Japan similarly implemented favorable changes for branded medicines in 2024, introducing the "pioneer premium" for early-launch products and expanding eligibility criteria for price maintenance premiums. These reforms have directly influenced pricing dynamics, as evidenced by Voydeya's launch pricing, where Japan commanded a slightly higher price ($0.25/unit/mg) compared to the US ($0.23/unit/mg).

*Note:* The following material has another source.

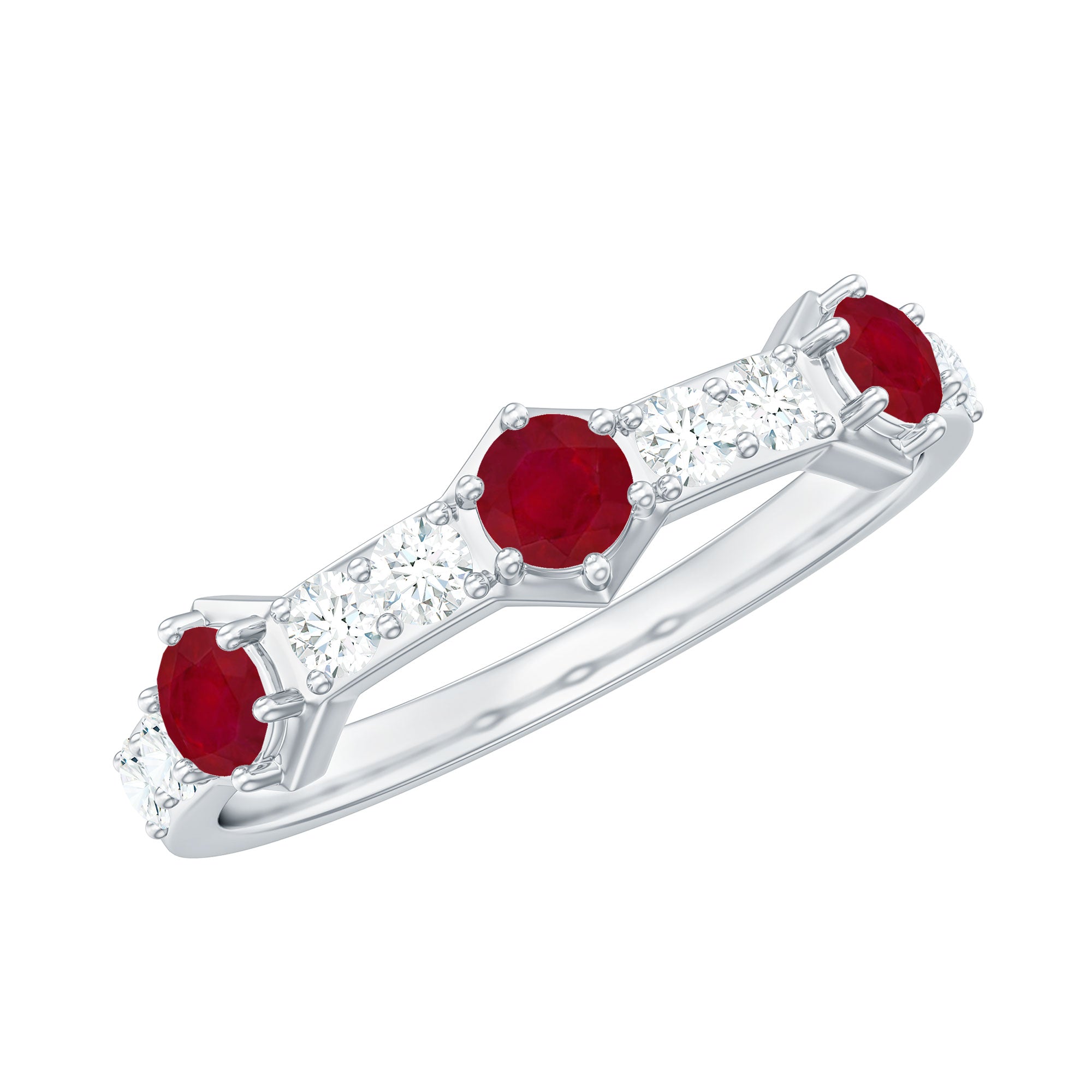 Natural Ruby Diamond Half Eternity Ring for Women AAA - Rosec Jewels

Therapeutic Focus and Market Assessment
The analysis reveals a continued strong focus on oncology, representing 47% of new drug launches, followed by neurological disorders. Health Technology Assessment (HTA) outcomes across seven markets showed predominantly positive results, with Japan, the UK, Canada, France, and Germany all delivering favorable assessments for evaluated drugs.
Orphan Drug Trends
A significant 53% of launched brands carried orphan drug designation, reflecting sustained investment in specialty drugs for rare diseases. However, this high percentage might indicate a plateau in the orphan drug sector, facing challenges from cost containment policies like US Medicare price negotiations and growing investment in diabetes treatments.
Market Access Considerations
The landscape for market access is evolving, with health technology assessments playing a crucial role in launch strategies. Of the 16 HTA decisions across seven markets in 2024, most resulted in positive outcomes, leading to reimbursement list inclusion or favorable pricing procedures. Only Finland recorded a negative outcome, declining reimbursement for Vyloy (zolbetuximab).
Future Outlook
While the US and Germany maintain their prominence as early-launch markets, the emergence of South Korea and Japan as innovation-friendly destinations signals a potential shift in global launch strategies. The rare disease space, while still robust, faces new challenges from cost containment measures and competing therapeutic areas like diabetes.
These trends suggest a more complex and nuanced approach to global drug launches, where pharmaceutical companies must balance traditional market priorities with emerging opportunities in reformed APAC markets.